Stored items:
/---

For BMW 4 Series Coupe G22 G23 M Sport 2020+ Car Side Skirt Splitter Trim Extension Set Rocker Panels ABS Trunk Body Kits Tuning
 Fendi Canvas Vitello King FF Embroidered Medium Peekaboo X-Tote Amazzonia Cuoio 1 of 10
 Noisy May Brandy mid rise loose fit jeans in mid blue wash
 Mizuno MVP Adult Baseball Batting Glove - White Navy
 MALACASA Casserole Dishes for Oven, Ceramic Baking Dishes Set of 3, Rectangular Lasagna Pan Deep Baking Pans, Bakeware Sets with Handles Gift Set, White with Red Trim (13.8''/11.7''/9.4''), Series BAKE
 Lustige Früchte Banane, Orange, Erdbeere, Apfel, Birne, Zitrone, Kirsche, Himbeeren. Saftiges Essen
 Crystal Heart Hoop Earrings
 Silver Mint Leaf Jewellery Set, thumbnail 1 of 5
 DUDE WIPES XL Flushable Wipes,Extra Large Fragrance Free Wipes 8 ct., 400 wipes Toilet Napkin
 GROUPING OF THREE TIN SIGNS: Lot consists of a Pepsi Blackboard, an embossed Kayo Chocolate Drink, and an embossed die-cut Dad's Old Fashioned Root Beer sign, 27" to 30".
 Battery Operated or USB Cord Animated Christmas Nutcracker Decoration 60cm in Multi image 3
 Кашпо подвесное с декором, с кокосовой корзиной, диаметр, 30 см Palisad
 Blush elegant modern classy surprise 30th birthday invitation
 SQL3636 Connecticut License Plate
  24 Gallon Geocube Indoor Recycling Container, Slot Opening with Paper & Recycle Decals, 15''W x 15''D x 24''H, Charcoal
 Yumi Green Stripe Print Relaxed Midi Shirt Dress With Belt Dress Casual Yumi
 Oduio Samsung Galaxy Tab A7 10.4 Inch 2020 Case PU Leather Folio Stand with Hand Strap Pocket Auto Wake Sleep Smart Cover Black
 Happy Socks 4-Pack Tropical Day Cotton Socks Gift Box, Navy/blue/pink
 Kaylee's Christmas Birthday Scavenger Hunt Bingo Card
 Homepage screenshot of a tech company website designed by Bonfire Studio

\---

**WHAT IS BEING ASKED:** Only lines holding the word "blue" are wanted, so copy each of them from the records above.

**REPLY:**
 Noisy May Brandy mid rise loose fit jeans in mid blue wash
 Happy Socks 4-Pack Tropical Day Cotton Socks Gift Box, Navy/blue/pink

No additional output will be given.